SFist Reviews: 'Taming of the Shrew' at CalShakes
Slate Holmgren as Petruchio and Erica Sullivan as Katherine. Photo: Kevin Berne
The music and the set design in this latest production are both terrific -- with various tough-love jazz standards and mashed-up Madonna woven throughout, and a spare set with a second story platform, punctuated by a spiral staircase and an Eames armchair, which becomes the ivory tower of the fair Bianca, Kate's younger sister (played with Marilyn Monoroe-like hilarity by Alexandra Hendrikson). The show opens with a great dance number too, featuring all the talented men of the cast and introducing Bianca, as a stylized stripper, and Katherine as a reluctant, rage-filled sex symbol. And thoughout, Cooper's direction shines through for its cleverness, comic timing, and a desire to make of this play an edgy romantic comedy with a strange, out-moded premise.
The performers are also, all of them, terrific. Slate Holmgren lends some chaotic sympathy and sexiness to Petruchio; and as Katherine, Erica Sullivan is angry and willful without being shrill, or tiresome. She even has moments in the second act, where she's supposed to have transformed from impossible shrew to obedient wife, of believable, tender honesty.

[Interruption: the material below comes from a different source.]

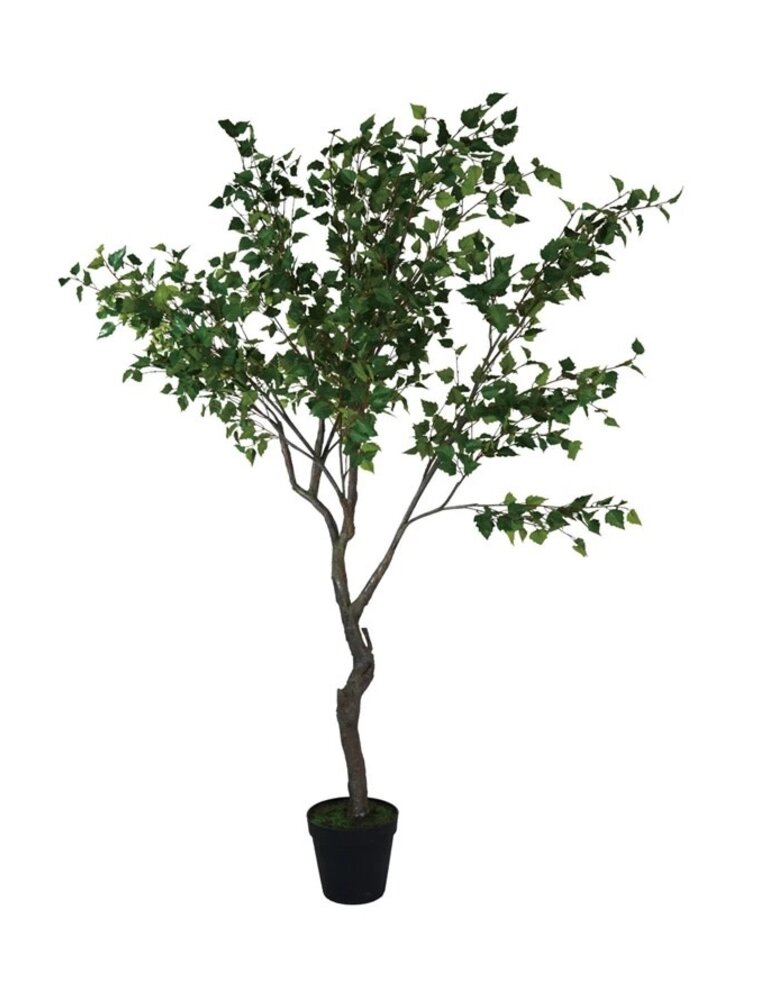 Bloom 8' Faux Birch Tree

And as is par for the course with him in CalShakes productions, the hilarious Danny Sheie can't help but steal every scene he's in as Gremio, one of Bianca's suitors -- and it's clear that Cooper let him go nuts with the mincing and general scene-stealing.
But in the end, the play is what it is: an anachronism. The cast tries heartily, but fails, to gloss over Katherine's bizarre transformation -- not to mention the part where her new husband starves her into submission -- and her famous final-act monologue in which she pledges, and justifies, her undying obedience to her husband. We're meant to understand that she does this out of love, but the edits made to the script in this case do an even less convincing job than did the film version with Elizabeth Taylor and Richard Burton of making the case for Petruchio and Katherine's falling in love. We get that they're attracted to each other, but we never really understand where Katherine's rage goes, or when. One minute she's determined to destroy everything in her path, her sweet sister included, and the next she's become a willing slave to a man she finds alluring and sexy. Betty Friedan is still not amused.